◆ Task goal ◆
Word for word, transcribe the data below from the line with "Feuerwerk beim Lichterfest 2023" to the line with "62 Lord Hobart Drive, Madora Bay WA 6210", keeping both of those lines.

◆ Web page caption snippets ◆
--- START ---
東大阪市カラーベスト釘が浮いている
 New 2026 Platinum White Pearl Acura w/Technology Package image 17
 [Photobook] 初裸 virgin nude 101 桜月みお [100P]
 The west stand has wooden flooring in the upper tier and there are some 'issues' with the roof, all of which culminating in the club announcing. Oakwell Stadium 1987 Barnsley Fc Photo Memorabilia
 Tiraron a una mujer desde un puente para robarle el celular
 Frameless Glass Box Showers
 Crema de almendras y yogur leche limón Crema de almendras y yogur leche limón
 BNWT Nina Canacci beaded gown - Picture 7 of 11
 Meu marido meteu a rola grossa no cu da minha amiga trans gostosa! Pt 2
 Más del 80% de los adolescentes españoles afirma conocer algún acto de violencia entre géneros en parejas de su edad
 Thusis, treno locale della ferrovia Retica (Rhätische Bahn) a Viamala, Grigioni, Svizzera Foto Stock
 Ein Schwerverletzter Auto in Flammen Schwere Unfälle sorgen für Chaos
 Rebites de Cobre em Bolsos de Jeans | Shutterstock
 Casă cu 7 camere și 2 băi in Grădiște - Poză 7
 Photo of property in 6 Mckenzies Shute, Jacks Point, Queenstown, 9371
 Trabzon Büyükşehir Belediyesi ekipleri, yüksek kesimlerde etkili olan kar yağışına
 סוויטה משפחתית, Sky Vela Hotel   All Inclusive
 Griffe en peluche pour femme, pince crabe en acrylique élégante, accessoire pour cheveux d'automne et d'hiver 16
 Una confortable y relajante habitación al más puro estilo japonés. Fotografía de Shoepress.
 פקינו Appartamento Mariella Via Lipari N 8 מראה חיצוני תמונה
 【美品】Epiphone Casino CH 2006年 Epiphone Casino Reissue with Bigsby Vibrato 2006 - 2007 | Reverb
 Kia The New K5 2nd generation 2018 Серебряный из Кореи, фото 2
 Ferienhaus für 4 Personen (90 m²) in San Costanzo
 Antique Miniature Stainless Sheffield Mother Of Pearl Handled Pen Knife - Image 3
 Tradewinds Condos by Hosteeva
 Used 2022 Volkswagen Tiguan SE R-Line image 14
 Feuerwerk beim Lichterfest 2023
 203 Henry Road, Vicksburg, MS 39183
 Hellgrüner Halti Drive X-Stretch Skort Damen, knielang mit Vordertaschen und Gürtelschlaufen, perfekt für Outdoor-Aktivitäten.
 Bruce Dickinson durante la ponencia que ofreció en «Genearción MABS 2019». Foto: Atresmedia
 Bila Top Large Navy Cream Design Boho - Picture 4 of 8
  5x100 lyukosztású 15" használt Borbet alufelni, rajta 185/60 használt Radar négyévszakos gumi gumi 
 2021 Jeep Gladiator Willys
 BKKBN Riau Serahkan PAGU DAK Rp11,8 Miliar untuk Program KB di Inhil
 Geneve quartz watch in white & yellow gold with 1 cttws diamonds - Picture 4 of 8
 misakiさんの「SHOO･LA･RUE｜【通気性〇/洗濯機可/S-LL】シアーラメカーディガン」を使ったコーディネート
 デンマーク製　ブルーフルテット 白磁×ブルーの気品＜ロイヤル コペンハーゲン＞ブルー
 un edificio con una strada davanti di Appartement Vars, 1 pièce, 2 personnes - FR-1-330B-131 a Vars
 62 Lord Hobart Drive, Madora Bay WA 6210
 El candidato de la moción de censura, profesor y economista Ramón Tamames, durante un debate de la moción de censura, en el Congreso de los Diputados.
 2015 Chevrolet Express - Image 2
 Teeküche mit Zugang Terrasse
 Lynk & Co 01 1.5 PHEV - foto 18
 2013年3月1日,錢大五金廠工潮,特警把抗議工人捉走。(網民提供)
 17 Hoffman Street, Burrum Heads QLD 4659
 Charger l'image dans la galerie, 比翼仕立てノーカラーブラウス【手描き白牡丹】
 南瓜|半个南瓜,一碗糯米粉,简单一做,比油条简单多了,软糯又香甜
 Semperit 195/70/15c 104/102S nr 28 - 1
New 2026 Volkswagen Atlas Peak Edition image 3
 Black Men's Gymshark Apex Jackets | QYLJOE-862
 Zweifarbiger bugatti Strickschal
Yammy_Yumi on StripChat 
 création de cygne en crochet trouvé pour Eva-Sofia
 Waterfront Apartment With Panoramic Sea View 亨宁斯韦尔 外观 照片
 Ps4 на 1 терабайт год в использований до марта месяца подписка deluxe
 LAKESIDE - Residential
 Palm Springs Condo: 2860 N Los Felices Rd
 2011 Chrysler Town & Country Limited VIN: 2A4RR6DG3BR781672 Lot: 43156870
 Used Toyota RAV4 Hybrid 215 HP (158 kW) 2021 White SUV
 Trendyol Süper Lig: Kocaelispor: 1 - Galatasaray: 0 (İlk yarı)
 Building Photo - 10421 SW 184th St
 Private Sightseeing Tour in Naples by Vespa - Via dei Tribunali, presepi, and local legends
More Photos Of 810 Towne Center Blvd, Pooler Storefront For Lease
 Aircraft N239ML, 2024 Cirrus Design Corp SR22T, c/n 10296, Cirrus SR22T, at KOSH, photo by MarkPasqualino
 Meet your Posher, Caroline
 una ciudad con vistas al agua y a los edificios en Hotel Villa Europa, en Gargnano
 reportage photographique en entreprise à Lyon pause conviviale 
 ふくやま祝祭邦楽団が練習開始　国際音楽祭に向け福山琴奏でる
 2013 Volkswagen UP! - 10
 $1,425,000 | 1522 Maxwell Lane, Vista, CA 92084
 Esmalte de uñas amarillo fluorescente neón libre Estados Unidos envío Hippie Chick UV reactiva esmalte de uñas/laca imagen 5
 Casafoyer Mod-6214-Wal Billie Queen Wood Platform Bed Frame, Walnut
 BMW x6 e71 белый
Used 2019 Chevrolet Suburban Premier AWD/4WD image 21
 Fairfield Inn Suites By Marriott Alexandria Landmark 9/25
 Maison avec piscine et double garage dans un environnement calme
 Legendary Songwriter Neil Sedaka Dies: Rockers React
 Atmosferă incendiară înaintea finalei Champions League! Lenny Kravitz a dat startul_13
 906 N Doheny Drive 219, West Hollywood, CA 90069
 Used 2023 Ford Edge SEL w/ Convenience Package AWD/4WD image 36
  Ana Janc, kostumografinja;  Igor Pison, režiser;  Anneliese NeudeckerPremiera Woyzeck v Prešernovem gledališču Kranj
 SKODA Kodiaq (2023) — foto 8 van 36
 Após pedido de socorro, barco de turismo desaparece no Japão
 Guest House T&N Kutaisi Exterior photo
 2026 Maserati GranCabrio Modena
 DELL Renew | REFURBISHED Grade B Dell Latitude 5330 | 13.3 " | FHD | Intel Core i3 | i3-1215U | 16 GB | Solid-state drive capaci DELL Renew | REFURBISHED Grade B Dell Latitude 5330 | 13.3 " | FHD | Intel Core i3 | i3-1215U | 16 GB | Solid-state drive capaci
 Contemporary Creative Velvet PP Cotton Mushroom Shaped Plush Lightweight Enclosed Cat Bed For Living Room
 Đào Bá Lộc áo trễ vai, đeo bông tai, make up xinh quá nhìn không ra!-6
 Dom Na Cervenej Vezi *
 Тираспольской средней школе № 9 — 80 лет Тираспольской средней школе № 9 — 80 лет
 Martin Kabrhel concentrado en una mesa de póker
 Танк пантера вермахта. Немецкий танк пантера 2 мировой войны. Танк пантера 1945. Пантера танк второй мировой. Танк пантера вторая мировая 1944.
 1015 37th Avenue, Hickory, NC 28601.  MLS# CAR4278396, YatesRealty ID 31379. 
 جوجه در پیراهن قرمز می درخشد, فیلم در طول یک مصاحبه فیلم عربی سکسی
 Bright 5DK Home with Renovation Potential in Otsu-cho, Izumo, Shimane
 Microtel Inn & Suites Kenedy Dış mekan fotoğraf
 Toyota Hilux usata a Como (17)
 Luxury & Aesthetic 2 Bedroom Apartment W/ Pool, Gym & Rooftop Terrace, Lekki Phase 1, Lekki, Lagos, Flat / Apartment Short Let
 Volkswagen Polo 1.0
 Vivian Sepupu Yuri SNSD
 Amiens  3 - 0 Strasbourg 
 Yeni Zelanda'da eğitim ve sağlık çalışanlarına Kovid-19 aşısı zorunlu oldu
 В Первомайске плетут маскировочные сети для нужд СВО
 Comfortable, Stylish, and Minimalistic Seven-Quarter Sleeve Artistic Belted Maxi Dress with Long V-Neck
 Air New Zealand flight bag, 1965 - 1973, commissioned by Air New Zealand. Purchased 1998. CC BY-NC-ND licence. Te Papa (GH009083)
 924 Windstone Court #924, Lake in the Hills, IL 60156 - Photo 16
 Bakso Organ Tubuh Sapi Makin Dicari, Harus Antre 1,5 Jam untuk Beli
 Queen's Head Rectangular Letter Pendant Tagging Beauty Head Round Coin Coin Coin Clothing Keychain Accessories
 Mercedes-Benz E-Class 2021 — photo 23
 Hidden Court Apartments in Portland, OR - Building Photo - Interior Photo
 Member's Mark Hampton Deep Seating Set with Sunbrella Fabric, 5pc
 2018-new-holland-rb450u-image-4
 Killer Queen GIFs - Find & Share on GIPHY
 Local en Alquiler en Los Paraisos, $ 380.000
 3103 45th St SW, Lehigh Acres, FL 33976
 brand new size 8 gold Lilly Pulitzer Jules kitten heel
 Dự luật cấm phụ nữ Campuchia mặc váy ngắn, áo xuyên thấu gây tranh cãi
--- END ---
◆ Result of this exercise ◆
 Feuerwerk beim Lichterfest 2023
 203 Henry Road, Vicksburg, MS 39183
 Hellgrüner Halti Drive X-Stretch Skort Damen, knielang mit Vordertaschen und Gürtelschlaufen, perfekt für Outdoor-Aktivitäten.
 Bruce Dickinson durante la ponencia que ofreció en «Genearción MABS 2019». Foto: Atresmedia
 Bila Top Large Navy Cream Design Boho - Picture 4 of 8
  5x100 lyukosztású 15" használt Borbet alufelni, rajta 185/60 használt Radar négyévszakos gumi gumi 
 2021 Jeep Gladiator Willys
 BKKBN Riau Serahkan PAGU DAK Rp11,8 Miliar untuk Program KB di Inhil
 Geneve quartz watch in white & yellow gold with 1 cttws diamonds - Picture 4 of 8
 misakiさんの「SHOO･LA･RUE｜【通気性〇/洗濯機可/S-LL】シアーラメカーディガン」を使ったコーディネート
 デンマーク製　ブルーフルテット 白磁×ブルーの気品＜ロイヤル コペンハーゲン＞ブルー
 un edificio con una strada davanti di Appartement Vars, 1 pièce, 2 personnes - FR-1-330B-131 a Vars
 62 Lord Hobart Drive, Madora Bay WA 6210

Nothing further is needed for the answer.